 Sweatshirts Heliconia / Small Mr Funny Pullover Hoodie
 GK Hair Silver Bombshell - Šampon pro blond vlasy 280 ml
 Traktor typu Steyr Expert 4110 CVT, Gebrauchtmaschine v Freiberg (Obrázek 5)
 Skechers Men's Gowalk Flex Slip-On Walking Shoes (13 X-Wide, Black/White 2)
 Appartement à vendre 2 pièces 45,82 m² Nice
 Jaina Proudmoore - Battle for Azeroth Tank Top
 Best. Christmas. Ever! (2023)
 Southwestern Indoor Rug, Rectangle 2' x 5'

◇ ◇ ◇

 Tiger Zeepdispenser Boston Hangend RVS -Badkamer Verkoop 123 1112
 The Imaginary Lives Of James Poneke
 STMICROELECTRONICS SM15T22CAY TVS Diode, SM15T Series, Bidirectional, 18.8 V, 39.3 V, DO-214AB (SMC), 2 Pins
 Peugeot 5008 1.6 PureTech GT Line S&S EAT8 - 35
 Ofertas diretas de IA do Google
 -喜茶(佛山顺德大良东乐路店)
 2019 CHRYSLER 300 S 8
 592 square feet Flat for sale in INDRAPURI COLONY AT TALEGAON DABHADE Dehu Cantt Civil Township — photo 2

◇ ◇ ◇

■ **EXERCISE BRIEF**: The lines above, starting at the one with "Peugeot 5008 1.6" and ending at the one with "592 square feet", are the only ones to return, exactly as written.

■ **RESPONSE BOX**:
 Peugeot 5008 1.6 PureTech GT Line S&S EAT8 - 35
 Ofertas diretas de IA do Google
 -喜茶(佛山顺德大良东乐路店)
 2019 CHRYSLER 300 S 8
 592 square feet Flat for sale in INDRAPURI COLONY AT TALEGAON DABHADE Dehu Cantt Civil Township — photo 2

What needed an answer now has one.